If I use ls to print all the files of a folder, is there a way to sort using roman numerals?
I am thinking about a result like:
benjamin_I.wmv
benjamin_II.wmv
benjamin_II.wmv
benjamin_III.wmv
benjamin_IV.wmv
benjamin_V.wmv
benjamin_VI.wmv
benjamin_VII.wmv
benjamin_VIII.wmv
benjamin_IX.wmv
The roman numerals are always preceded by an underscore.
#!/usr/bin/perl -w
use Roman;
sub romanSort { #custom sorting definition
$a =~ /^.*_([MDCLXVI]+)\..*/; #capture all roman numerals after underscore
$aRom = arabic($1); #convert captured roman number to arabic (e.g. XIV --> 14 )

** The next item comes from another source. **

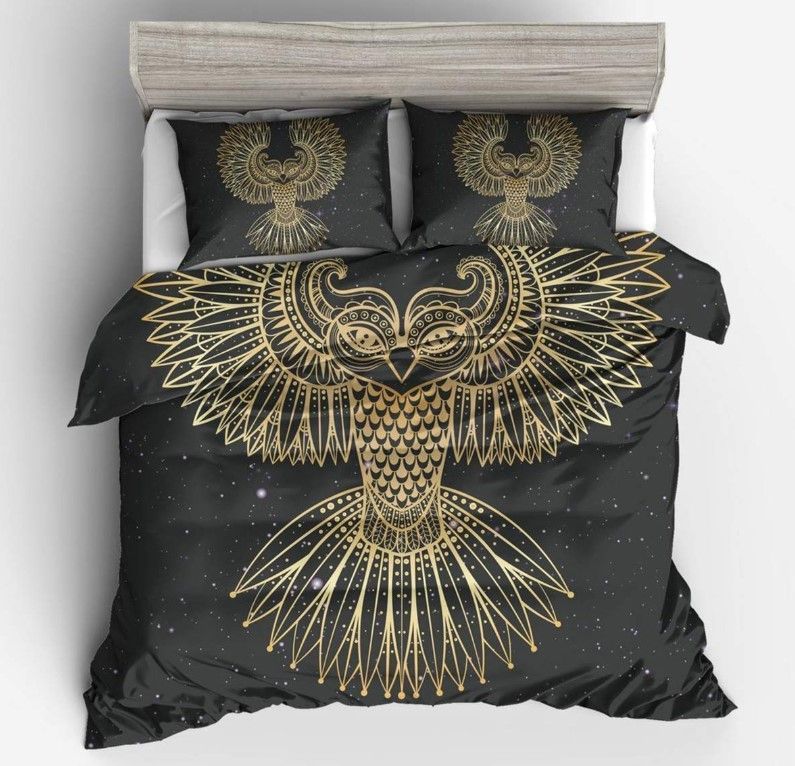 Gold Owl Bedding Set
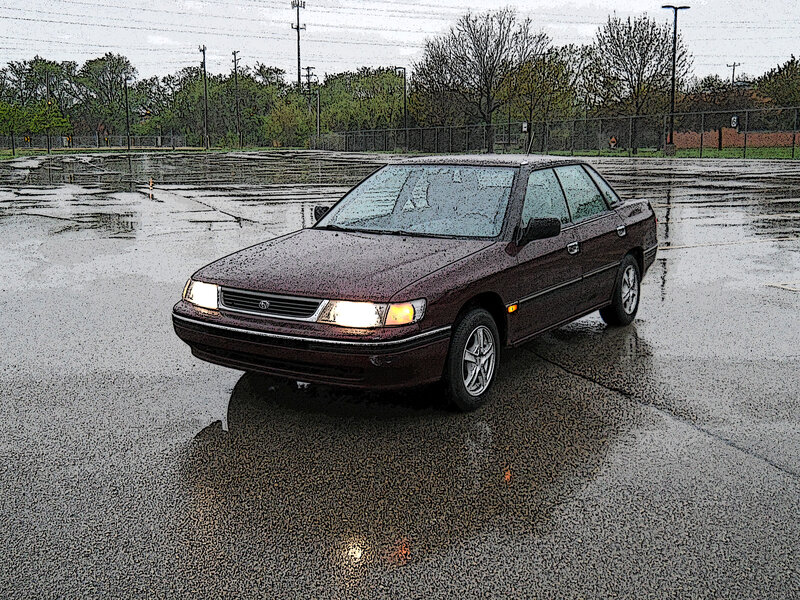 Maroon Sedan Car — Brown, Overcast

$b =~ /^.*_([MDCLXVI]+)\..*/; #repeat with second input
$aRom <=> arabic($1); #numeric comparison between the converted numbers
}
@data = (<>); #slurp the whole input into one array
print sort romanSort @data; #print sorted array using custom routine romanSort
Egads... I'd translate the numbers from roman numerals into normal numbers, sort, then change them back.
# roman.awk
# Adapted from a clever converter found here
# http://scripts.mit.edu/~yfarjoun/homepage/index.php?title=Code_Snippets
BEGIN {
R["I"]=1; R["V"]=5; R["X"]=10; R["L"]=50;
R["C"]=100; R["D"]=500; R["M"]=1000;
E["iv"]="IIII"; E["ix"]="VIIII";
E["xl"]="XXXX"; E["xc"]="LXXXX";
E["cd"]="CCCC"; E["cm"]="DCCCC";
E["iix"]="VIII"; E["xxc"]="LXXX";
E["ccm"]="DCCC"; E["vl"]="XXXXV";
E["ld"]="CCCCL";
}
function roman_arabic(RN)
{
SUM=0;
RN=tolower(RN);
# Substitute roman numeral forms into things we can count.
# Substitue lower case for upper case so substitutions
# don't happen twice by accident.
for(K in E) while(sub(K, E[K], RN));
# Convert anything that didn't get substituted to uppercase.
RN=toupper(RN);
for(K in R) while(sub(K, "", RN)) SUM+=R[K];
return(SUM);
}
{
split($0, ARR, /[_.]/);
if($0 ~ /_[iIvVlLxXcCdDmM]+/)
{
# print ARR[1], ARR[2], ARR[3];
printf("%s<!--%d-->_%s.%s\n", ARR[1], roman_arabic(ARR[2]), ARR[2], ARR[3]);
}
}
...but beware of all the valid words that can be made from roman numerals:
$ egrep -i "^[IVXLCRDM]{3}[IVXLCRDM]*$" /usr/share/dict/cracklib-small
cdc
cdr
civic
civil
did
dill
dim
drill
icc
iii
ill
lid
lim
livid
mid
mild
mill
mimi
mimic
mix
rid
rill
rim
vii
viii
vivid
$
% ./s2
Environment: LC_ALL = C, LANG = C
(Versions displayed with local utility "version"ker|rel
er|rel, machine: Linux, 2.6.32-5-686, i686
Distribution : Debian GNU/Linux 6.0
GNU bash 4.1.5
msort 8.53
-----
Data file data3:
file ii suffix
file i suffix
file iv suffix
file iii suffix
file c suffix
-----
Results, msort on roman numerals, field 2:
file i suffix
file ii suffix
file iii suffix
file iv suffix
file c suffix
If you do not use Debian, see the msort home page as noted in the script.
Best wishes ... cheers, drl
PS. I had trouble with older versions of msort on 64-bit Debian (lenny), but the version of msort on the current stable edition (squeeze) seems to work correctly, as noted above.